*YOUR INSTRUCTIONS*:
Give every line of the data again, unchanged, but with no pictures.

*INFORMATION PROVIDED*:
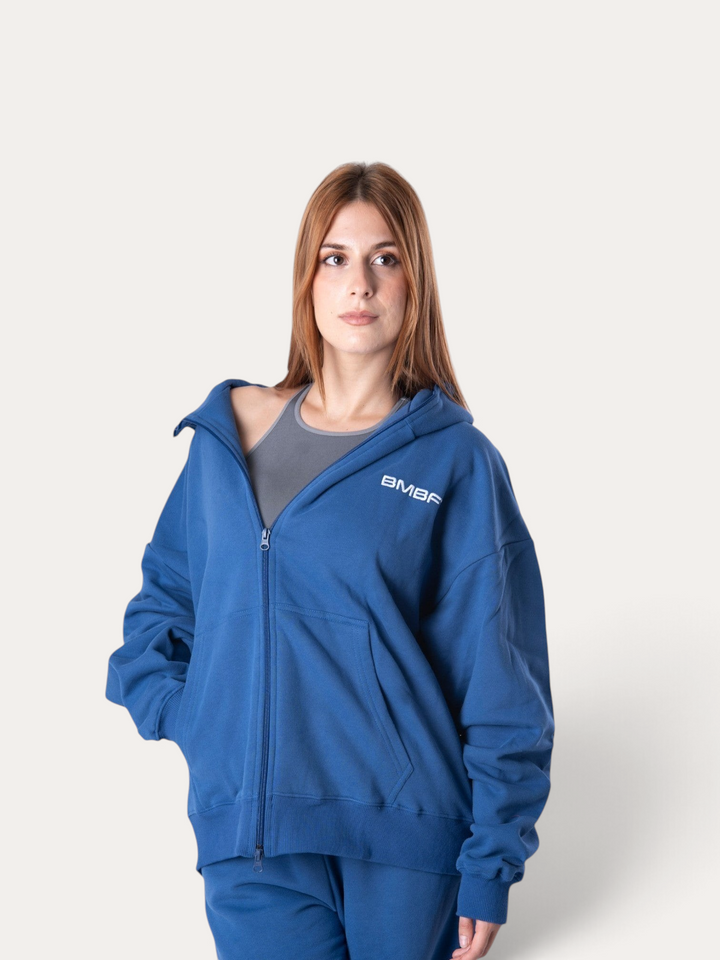 Modella indossa una felpa con cappuccio e zip Bombafit blu reale con logo bianco sul petto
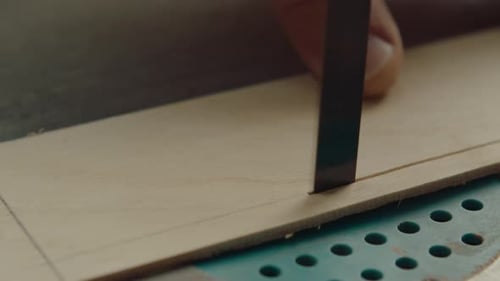 Saw Cutting Through Wood Piece in a Workshop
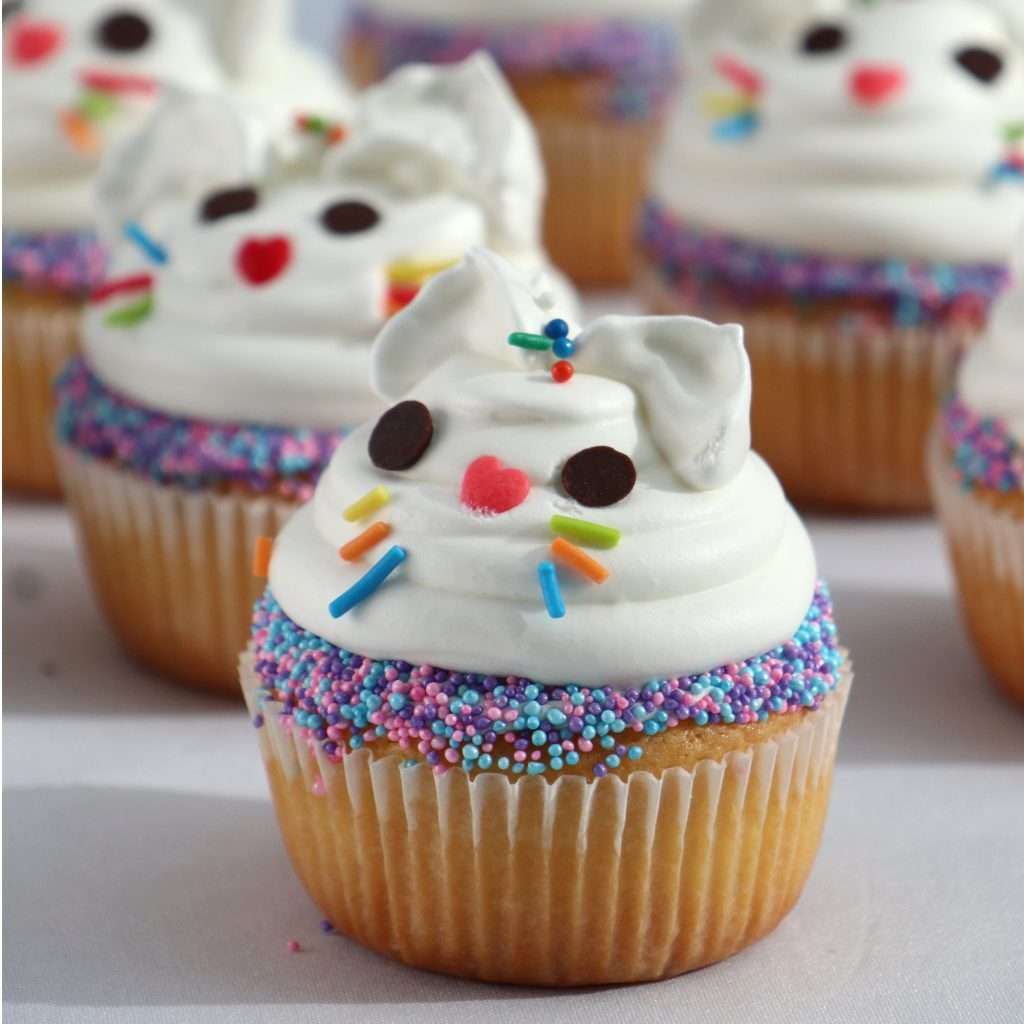 Cupcakes con decoración de cara de conejo blanca.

*EXERCISE RESPONSE*:
 Modella indossa una felpa con cappuccio e zip Bombafit blu reale con logo bianco sul petto
 Saw Cutting Through Wood Piece in a Workshop
 Cupcakes con decoración de cara de conejo blanca.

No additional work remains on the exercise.